<<<<
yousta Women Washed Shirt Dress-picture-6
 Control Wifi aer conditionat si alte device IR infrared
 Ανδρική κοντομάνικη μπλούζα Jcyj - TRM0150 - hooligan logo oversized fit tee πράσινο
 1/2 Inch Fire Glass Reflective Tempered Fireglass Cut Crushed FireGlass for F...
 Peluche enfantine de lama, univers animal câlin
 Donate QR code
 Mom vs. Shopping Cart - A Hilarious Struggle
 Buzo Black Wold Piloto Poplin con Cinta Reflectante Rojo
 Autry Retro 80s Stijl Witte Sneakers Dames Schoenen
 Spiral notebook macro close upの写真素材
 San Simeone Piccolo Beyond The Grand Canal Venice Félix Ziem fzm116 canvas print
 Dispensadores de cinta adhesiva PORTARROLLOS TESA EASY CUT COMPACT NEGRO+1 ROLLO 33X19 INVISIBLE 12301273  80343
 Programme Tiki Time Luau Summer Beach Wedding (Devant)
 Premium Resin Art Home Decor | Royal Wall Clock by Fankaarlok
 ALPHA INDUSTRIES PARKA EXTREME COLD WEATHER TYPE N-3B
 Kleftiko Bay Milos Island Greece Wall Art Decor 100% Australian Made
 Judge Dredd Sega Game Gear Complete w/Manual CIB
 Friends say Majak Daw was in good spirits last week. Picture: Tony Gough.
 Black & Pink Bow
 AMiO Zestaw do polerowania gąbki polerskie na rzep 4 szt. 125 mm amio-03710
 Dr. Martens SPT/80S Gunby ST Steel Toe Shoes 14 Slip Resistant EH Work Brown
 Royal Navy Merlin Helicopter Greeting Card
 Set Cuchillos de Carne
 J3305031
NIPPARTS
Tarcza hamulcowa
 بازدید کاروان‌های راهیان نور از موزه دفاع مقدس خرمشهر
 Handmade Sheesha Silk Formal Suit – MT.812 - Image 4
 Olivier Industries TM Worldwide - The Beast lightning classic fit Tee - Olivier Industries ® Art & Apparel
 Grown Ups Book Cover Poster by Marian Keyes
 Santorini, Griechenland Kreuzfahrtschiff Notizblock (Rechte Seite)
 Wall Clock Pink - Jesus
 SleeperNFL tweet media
>>>>
# [WHAT NEEDS TO BE DONE]
Each line of the records above should be copied exactly.

# [RESULT BELOW]
yousta Women Washed Shirt Dress-picture-6
 Control Wifi aer conditionat si alte device IR infrared
 Ανδρική κοντομάνικη μπλούζα Jcyj - TRM0150 - hooligan logo oversized fit tee πράσινο
 1/2 Inch Fire Glass Reflective Tempered Fireglass Cut Crushed FireGlass for F...
 Peluche enfantine de lama, univers animal câlin
 Donate QR code
 Mom vs. Shopping Cart - A Hilarious Struggle
 Buzo Black Wold Piloto Poplin con Cinta Reflectante Rojo
 Autry Retro 80s Stijl Witte Sneakers Dames Schoenen
 Spiral notebook macro close upの写真素材
 San Simeone Piccolo Beyond The Grand Canal Venice Félix Ziem fzm116 canvas print
 Dispensadores de cinta adhesiva PORTARROLLOS TESA EASY CUT COMPACT NEGRO+1 ROLLO 33X19 INVISIBLE 12301273  80343
 Programme Tiki Time Luau Summer Beach Wedding (Devant)
 Premium Resin Art Home Decor | Royal Wall Clock by Fankaarlok
 ALPHA INDUSTRIES PARKA EXTREME COLD WEATHER TYPE N-3B
 Kleftiko Bay Milos Island Greece Wall Art Decor 100% Australian Made
 Judge Dredd Sega Game Gear Complete w/Manual CIB
 Friends say Majak Daw was in good spirits last week. Picture: Tony Gough.
 Black & Pink Bow
 AMiO Zestaw do polerowania gąbki polerskie na rzep 4 szt. 125 mm amio-03710
 Dr. Martens SPT/80S Gunby ST Steel Toe Shoes 14 Slip Resistant EH Work Brown
 Royal Navy Merlin Helicopter Greeting Card
 Set Cuchillos de Carne
 J3305031
NIPPARTS
Tarcza hamulcowa
 بازدید کاروان‌های راهیان نور از موزه دفاع مقدس خرمشهر
 Handmade Sheesha Silk Formal Suit – MT.812 - Image 4
 Olivier Industries TM Worldwide - The Beast lightning classic fit Tee - Olivier Industries ® Art & Apparel
 Grown Ups Book Cover Poster by Marian Keyes
 Santorini, Griechenland Kreuzfahrtschiff Notizblock (Rechte Seite)
 Wall Clock Pink - Jesus
 SleeperNFL tweet media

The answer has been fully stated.